On an N100 CPU, llama3.1:8b at 4-bit quantization runs at 15-25 tokens per second, adding 2-4 seconds to the interaction. An RTX 3060 raises throughput to 60-90 tokens per second, dropping inference time under one second for typical responses. That hardware distinction is where the cloud vs. local performance gap is still real in 2025. A Hassil-only setup covering 90% of household voice use cases competes with cloud assistants on latency; an LLM-backed setup on CPU-only hardware does not.
The home-llm HACS integration provides fine-tuned LoRA adapters for models like llama3.2:3b, trained specifically on Home Assistant service call data. JSON formatting reliability improves compared to general-purpose models with prompt engineering, which matters because a malformed service call fails silently while the user waits for a response that never arrives.
The Convergence
The thread describes a multi-year effort, and that timeline reflects the fact that the prerequisites for a working local voice pipeline assembled gradually rather than all at once.

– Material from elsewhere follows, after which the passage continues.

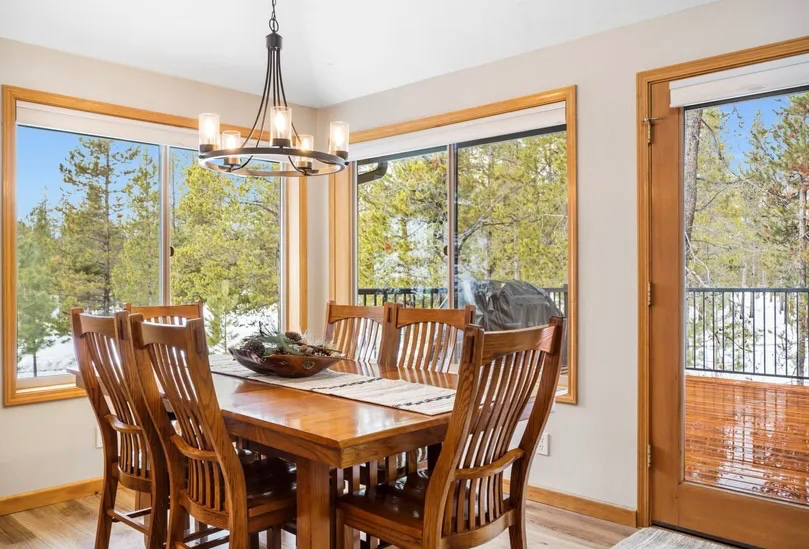 Beautiful home on the North end of Sunriver. 3 bedrooms 2 and 1/2 bath, family room plus a bonus/media room. Updated kitchen, new... - Photo 2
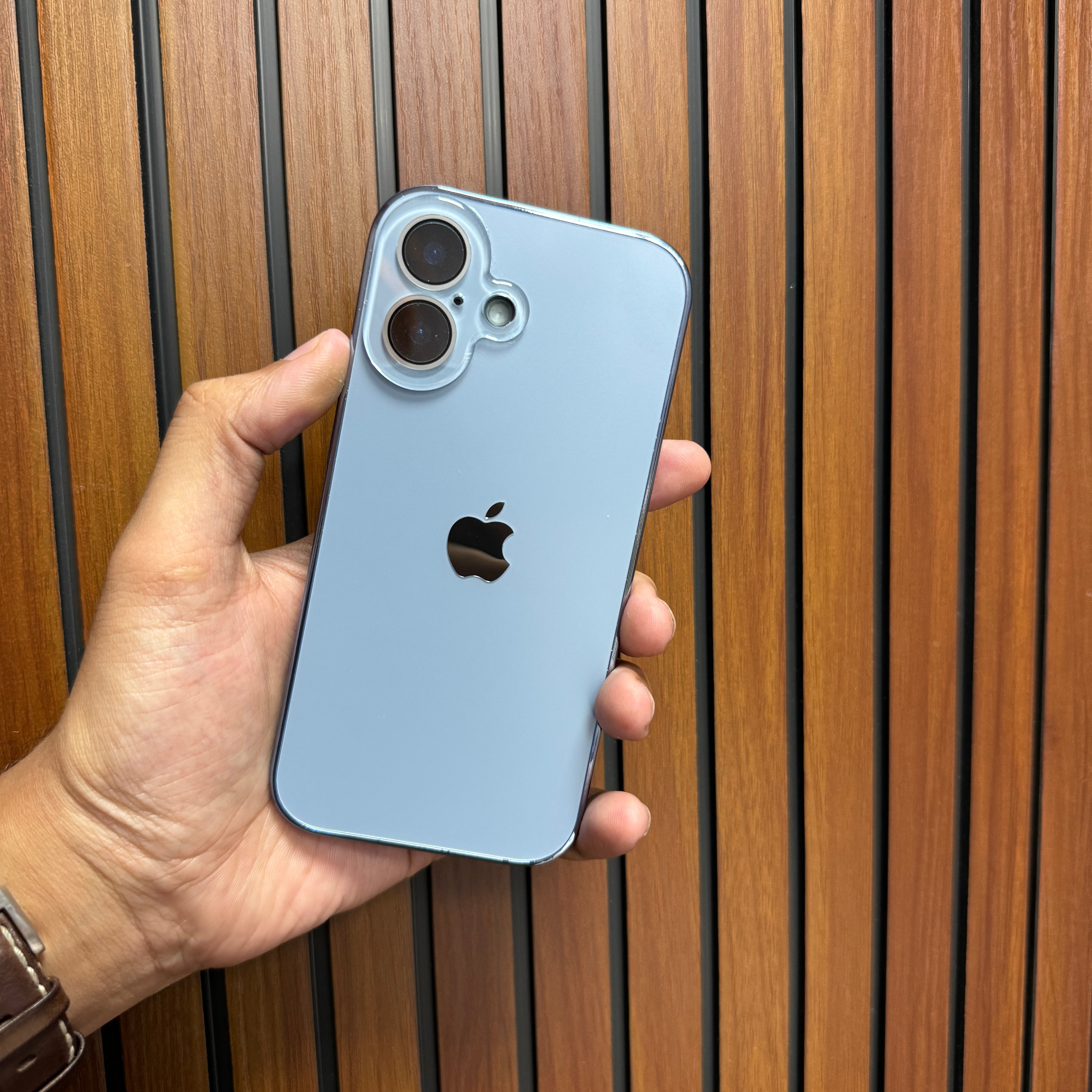 Glossy Ultra Thin Electroplated Camera Lens Protection For iPhone 16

faster-whisper made Whisper inference viable on commodity CPU hardware by replacing PyTorch with CTranslate2, a C++ inference engine with INT8 quantization for linear layers and KV cache management in a contiguous memory pool. The speedup over vanilla Whisper on CPU is typically 2-4x for the encoder pass. Piper replaced eSpeak’s parametric formant synthesis with VITS neural TTS running on ONNX Runtime, producing speech that does not register as synthetic on short home automation responses. Wyoming replaced Rhasspy’s MQTT-based component coupling with a protocol simple enough to implement in a few hundred lines and inspect with a TCP client.
The hardware economics closed the remaining gap. N100-class mini-PCs brought enough CPU performance for small.en inference and local TTS to under $150. The ESP32-S3 made on-device wake word detection and audio preprocessing available in satellite hardware at $10-50, with the BOX-3 providing hardware AEC at the $50 price point.
The pieces were individually insufficient; the timeline that produced a working setup was the timeline on which they arrived together. The thread that surfaced on Hacker News is documentation of that convergence from someone who kept trying through the period when it did not yet work.